**Exercise requirements**
Look through the entries below and show every line containing the word "Western".

════

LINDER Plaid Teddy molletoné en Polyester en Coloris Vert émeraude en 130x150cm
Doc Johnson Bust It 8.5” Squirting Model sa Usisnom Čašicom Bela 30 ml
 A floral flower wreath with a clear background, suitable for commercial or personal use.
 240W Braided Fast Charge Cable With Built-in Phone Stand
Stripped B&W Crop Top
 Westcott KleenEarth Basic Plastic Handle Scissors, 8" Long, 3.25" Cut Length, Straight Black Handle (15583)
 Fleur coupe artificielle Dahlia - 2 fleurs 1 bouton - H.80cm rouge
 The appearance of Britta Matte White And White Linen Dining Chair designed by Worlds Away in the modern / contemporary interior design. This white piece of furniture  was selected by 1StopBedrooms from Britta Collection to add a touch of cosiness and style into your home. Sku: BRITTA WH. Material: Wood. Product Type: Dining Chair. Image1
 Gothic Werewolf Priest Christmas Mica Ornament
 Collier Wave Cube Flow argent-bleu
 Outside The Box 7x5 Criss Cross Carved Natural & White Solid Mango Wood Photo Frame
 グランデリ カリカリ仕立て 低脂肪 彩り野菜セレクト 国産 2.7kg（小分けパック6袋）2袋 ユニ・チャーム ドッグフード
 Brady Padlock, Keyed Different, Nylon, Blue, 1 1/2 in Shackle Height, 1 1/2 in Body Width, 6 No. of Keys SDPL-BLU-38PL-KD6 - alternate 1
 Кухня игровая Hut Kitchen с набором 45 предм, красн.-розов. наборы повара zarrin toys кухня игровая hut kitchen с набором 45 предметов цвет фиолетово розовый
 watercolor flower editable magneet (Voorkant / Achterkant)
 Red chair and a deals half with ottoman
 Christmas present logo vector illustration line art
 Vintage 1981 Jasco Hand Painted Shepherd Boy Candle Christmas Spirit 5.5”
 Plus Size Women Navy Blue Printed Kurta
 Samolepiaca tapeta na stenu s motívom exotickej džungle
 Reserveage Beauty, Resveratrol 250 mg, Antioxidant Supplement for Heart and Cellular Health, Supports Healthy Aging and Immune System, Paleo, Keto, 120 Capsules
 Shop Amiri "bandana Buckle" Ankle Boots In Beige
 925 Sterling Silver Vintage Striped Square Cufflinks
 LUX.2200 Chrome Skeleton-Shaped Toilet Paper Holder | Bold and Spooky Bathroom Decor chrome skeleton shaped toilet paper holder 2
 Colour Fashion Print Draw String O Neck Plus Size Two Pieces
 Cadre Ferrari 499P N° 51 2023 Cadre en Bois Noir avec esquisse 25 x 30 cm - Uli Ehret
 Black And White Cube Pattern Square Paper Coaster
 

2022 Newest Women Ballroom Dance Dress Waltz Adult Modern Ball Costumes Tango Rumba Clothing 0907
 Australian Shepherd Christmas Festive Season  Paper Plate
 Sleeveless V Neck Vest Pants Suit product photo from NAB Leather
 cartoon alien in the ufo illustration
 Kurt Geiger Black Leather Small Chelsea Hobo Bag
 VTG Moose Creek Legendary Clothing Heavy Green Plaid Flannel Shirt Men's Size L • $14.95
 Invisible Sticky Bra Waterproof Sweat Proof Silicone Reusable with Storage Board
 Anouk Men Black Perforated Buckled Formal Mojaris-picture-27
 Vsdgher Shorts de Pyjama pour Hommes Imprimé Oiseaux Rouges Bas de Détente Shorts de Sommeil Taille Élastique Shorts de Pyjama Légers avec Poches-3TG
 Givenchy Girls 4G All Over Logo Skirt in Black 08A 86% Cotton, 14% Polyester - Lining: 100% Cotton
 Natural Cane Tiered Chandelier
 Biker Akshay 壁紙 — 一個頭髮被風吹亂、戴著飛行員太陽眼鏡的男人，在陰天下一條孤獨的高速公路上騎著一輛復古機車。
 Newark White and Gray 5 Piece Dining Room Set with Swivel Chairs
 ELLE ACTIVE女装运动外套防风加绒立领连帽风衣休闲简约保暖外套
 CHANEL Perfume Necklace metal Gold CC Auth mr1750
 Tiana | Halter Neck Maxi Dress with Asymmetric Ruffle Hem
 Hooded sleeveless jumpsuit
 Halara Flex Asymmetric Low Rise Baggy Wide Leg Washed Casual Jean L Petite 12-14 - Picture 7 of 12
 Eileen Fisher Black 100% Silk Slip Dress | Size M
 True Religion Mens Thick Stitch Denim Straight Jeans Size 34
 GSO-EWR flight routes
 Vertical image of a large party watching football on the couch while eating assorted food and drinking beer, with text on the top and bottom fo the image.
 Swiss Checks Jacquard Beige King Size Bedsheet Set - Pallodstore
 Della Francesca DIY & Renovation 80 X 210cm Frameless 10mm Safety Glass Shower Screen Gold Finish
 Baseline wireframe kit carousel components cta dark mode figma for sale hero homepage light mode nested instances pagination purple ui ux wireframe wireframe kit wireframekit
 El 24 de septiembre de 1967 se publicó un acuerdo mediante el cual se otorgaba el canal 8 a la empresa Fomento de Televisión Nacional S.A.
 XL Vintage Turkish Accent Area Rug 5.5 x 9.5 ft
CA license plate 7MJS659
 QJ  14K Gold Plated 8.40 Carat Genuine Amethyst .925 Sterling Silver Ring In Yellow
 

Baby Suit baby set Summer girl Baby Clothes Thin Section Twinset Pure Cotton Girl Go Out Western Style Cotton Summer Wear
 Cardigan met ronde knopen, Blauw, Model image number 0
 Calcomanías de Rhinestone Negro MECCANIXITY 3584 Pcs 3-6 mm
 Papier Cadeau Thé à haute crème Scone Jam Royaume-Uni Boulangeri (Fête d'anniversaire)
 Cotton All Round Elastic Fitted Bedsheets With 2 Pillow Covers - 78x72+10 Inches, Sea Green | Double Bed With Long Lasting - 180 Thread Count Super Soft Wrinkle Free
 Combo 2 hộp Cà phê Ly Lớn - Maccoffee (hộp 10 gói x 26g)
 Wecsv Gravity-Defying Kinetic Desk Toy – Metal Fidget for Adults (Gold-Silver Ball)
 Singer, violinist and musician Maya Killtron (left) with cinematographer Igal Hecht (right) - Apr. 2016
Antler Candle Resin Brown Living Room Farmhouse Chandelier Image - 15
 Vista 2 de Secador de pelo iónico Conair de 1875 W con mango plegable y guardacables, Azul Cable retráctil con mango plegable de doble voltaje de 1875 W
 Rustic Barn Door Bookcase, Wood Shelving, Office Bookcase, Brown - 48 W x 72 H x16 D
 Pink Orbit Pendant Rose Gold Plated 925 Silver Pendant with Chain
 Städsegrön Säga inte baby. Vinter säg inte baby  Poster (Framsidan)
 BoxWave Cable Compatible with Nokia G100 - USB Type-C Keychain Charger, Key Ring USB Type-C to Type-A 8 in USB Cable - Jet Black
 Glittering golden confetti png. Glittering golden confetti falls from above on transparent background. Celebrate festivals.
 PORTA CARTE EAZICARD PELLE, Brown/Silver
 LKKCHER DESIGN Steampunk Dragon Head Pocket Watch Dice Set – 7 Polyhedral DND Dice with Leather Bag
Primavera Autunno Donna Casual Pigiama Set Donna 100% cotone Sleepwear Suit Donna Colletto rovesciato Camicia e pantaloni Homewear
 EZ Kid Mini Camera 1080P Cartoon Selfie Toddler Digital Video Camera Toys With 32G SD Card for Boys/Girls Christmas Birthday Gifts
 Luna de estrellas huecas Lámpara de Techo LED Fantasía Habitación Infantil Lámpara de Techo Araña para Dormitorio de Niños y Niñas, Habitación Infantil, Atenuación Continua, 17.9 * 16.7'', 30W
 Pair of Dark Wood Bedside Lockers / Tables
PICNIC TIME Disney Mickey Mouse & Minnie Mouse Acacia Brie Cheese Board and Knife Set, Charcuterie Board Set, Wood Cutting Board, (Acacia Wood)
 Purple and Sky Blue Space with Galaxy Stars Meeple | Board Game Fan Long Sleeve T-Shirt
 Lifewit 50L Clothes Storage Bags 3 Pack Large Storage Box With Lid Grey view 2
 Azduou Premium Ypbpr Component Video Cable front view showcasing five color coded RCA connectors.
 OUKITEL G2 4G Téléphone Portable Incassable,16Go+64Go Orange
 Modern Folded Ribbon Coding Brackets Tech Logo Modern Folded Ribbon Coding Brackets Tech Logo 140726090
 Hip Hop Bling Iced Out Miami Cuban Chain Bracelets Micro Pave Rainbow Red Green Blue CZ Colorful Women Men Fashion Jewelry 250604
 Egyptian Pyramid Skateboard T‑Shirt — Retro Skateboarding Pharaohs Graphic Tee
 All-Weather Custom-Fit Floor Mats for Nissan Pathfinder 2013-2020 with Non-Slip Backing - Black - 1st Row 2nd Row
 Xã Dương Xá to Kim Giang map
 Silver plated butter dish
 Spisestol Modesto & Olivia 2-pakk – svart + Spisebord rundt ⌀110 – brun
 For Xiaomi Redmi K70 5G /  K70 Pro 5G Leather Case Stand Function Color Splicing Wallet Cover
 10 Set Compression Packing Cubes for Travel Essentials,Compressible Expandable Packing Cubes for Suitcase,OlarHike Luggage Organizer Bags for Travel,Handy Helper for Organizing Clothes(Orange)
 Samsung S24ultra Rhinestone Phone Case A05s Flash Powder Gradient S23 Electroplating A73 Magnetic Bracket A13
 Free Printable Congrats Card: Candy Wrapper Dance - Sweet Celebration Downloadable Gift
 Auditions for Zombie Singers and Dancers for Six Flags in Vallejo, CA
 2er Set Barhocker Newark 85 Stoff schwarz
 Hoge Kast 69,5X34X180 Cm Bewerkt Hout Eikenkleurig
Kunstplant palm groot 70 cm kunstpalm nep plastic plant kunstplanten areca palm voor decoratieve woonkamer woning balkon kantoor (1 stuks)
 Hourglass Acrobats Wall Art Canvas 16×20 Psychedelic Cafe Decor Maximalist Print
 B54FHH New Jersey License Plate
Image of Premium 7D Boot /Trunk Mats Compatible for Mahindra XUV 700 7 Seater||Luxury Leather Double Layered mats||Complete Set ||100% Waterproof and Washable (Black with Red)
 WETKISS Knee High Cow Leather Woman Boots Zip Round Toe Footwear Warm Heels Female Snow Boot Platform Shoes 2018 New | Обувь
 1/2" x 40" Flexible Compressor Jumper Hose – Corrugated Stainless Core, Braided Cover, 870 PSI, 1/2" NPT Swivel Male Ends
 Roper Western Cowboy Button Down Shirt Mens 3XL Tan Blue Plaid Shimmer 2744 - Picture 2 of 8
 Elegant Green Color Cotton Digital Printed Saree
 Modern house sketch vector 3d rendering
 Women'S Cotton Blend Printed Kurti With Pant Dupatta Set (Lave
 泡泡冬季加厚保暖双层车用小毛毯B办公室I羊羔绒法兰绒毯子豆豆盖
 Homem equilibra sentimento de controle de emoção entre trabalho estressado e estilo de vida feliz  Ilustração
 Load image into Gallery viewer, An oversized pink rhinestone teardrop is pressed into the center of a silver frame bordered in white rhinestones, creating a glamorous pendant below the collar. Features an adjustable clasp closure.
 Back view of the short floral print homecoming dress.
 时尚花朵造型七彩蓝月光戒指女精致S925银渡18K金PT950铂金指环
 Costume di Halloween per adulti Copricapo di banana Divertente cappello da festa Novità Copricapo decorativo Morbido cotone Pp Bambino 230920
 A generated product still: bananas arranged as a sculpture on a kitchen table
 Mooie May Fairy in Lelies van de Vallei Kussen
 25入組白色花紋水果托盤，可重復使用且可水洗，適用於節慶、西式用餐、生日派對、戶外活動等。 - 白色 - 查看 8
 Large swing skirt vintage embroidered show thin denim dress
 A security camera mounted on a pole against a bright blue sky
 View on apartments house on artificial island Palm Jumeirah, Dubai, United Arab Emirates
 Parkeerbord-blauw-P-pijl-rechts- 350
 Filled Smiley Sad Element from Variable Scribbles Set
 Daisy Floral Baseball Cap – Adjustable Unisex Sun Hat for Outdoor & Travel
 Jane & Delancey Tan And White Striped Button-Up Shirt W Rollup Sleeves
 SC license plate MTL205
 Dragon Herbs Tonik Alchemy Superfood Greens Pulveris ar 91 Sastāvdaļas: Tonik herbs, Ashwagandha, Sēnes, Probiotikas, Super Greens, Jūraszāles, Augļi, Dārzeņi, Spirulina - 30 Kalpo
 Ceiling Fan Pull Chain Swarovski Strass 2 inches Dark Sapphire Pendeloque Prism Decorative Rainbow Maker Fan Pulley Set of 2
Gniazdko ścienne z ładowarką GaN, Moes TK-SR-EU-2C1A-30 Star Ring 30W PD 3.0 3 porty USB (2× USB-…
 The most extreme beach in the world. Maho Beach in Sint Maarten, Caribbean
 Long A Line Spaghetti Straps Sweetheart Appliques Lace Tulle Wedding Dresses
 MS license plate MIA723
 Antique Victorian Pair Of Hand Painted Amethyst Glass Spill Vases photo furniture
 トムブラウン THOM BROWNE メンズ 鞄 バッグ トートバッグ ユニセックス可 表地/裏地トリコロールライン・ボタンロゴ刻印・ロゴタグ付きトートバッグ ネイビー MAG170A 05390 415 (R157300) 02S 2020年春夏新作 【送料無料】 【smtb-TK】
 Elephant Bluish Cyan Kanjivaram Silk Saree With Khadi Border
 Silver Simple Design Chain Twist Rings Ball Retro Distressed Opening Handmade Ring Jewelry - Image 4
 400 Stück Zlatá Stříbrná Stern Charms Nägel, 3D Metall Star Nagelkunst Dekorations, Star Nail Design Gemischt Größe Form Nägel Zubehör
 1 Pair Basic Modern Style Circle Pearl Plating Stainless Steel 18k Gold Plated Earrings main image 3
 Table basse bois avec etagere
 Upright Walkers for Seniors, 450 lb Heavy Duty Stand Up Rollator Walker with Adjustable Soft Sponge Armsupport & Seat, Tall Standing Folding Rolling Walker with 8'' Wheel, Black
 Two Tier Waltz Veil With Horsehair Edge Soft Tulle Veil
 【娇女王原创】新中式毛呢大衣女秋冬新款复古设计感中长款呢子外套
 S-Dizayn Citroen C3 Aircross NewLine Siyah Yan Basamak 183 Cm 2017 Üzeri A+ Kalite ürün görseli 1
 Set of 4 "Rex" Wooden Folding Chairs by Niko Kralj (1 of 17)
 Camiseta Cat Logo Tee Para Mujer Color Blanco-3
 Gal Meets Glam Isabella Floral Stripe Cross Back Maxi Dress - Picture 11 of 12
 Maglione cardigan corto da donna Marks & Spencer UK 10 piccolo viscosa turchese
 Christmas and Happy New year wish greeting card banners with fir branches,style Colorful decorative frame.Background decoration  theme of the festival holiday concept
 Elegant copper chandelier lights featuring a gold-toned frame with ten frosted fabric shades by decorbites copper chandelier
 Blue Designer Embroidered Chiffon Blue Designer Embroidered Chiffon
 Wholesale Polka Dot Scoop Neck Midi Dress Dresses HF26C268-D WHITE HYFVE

════

**Task response**
Baby Suit baby set Summer girl Baby Clothes Thin Section Twinset Pure Cotton Girl Go Out Western Style Cotton Summer Wear
 Roper Western Cowboy Button Down Shirt Mens 3XL Tan Blue Plaid Shimmer 2744 - Picture 2 of 8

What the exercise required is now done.